Hexenjagd im 20. Jahrhundert

Hexenjagd im 20. Jahrhundert

Wozu führen ganz normale Gesten der Menschlichkeit oder Barmherzigkeit in unnormalen Zeiten?
Etwa das Herrichten eines Weihnachtstellers durch ein weibliches Familienmitglied für einen Polen, der als Zwangsarbeiter auf einem Bauernhof in Westfalen arbeiten musste?  – ins Frauen-KZ Ravensbrück.
Oder die Hilfe eines polnischen Zwangsarbeiters für ein dreizehnjähriges Waisenkind, das für mehrere Geschwister und das Vieh sorgen musste? – in die Fürsorgeerziehung, ebenfalls ins KZ Ravenbrück.

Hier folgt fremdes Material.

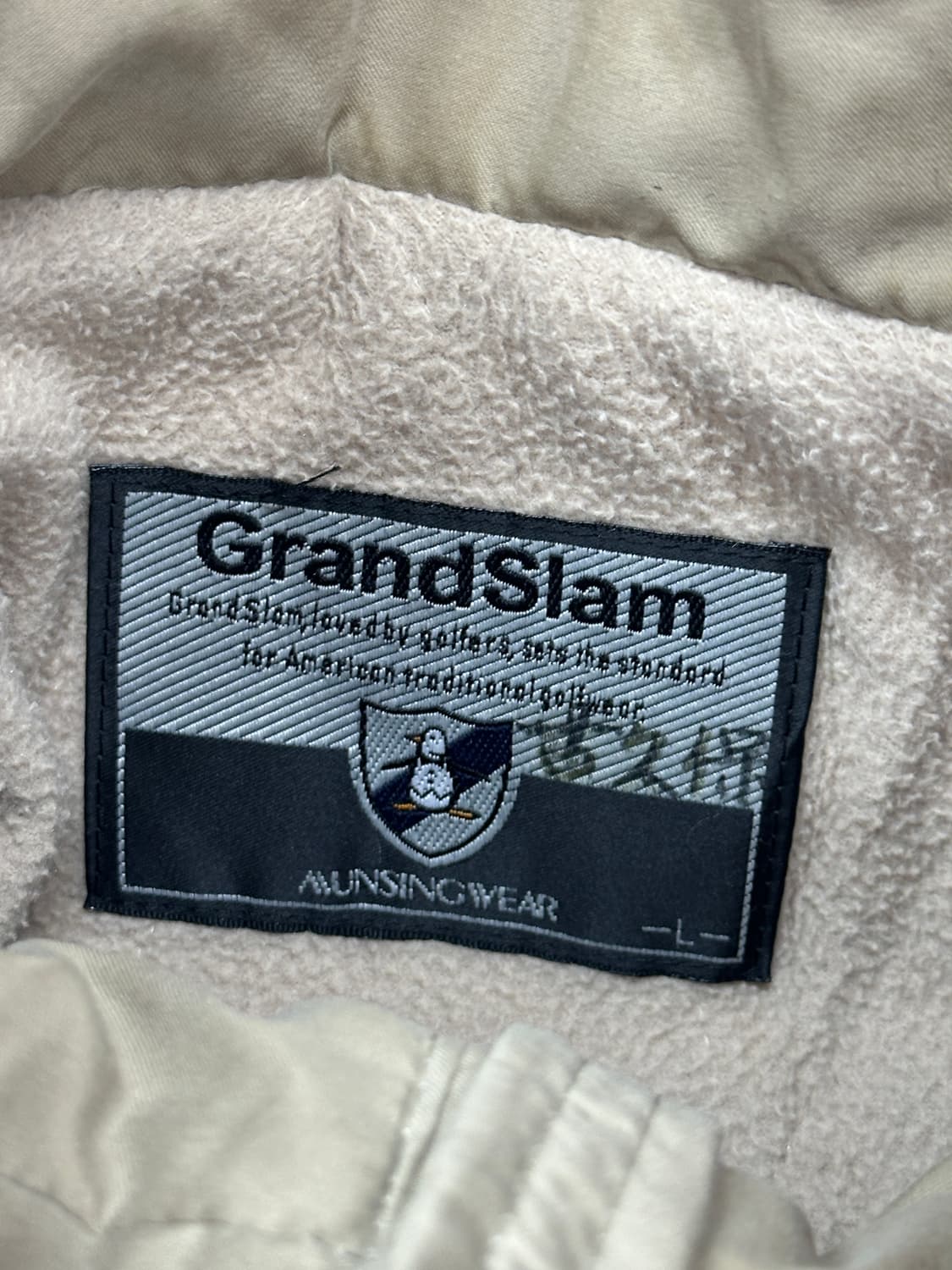 Grand slam 베이지 봄버 자켓 시티보이 아메카지 베이직 바람막이 상품이미지5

Einige dieser „Bettpolitischen“ bekamen dann auch noch besondere medizinische Betreuung: mit ihnen wurde fleißig experimentiert.
All das konnte man heute Abend in einem Vortrag von Dr. Gisela Schwarze erfahren, die mit ihrem Buch „Es war wie eine Hexenjagd“ auf das Schicksal der Frauen hinweist, denen  – meist unberechtigt – (sexuelle) Verhältnisse mit schlechtrassigen Männern nachgesagt wurden, die diese Frauen dann unter Folter oft auch zugegeben haben. Aufgrund dieser erpressten, unterschriebenen Geständnisse wurden ihre Wiedergutmachungsanträge nach dem Krieg abgelehnt. Sie wurden als Opfer systematisch verschwiegen. Die nach dem Krieg immer noch vorherrschende Stimmung, diese Frauen als „Flittchen“, „Polenhure“ oder „Russenliebchen“ zu diffamieren, hat dazu geführt, dass sich diese Frauen lange nicht einmal engsten Angehörigen anvertraut haben. Durch Gisela Schwarze, die sich selbst als Kriegskind bezeichnet, bekommen einige ihre Stimme wieder und erzählen von dem Unrecht, das ihnen angetan wurde.

2 Gedanken zu „Hexenjagd im 20. Jahrhundert

  1. All diese Dinge sind geschehen, und die Uhr lässt sich nicht zurückdrehen. Aber es gilt, Licht in das Dunkel zu bringen.
    Staatsschulden wollen wir nicht den folgenden Generationen übertragen und reden immer davon, aber wir lassen sie ins offene Messer laufen, wenn wir nicht deutlich machen, wozu der Mensch fähig ist. Konstellationenn wir 33 kann es immer wieder geben, und sollte dann nicht der Anfang einer Aufklärung gemacht sein?
    „Das haben wir nicht gewusst (auch das hatten wir schon) – wir dachten immer, die Kinder bringt der Klapperstorch!“

    Was mich nachdenklich macht und ich nicht genau einzuschätzen vermag, ist, das das Thema zur Zeit an besonderer Aktualität gewinnt. Entweder, es ist eine persönliche Fokussierung von mir, oder vielleicht, wird die Gesellschaft in Krisen- und (für einige Menschen zur Zeit) in Notsituatinen sensibeler für das unmöglich Mögliche, oder ängstlicher, oder wachsamer, oder..?

  2. Vielleicht ist es auch nur so, dass „Eile“ geboten ist, da die Betroffenen inwischen schon sehr betagt sind und sich vielleicht im Bewusstsein ihrer Endlichkeit trauen, davon zu sprechen, die Grauen mitzu-teilen, dafür bedarf es aber sicher vertrauenswürdiger Menschen.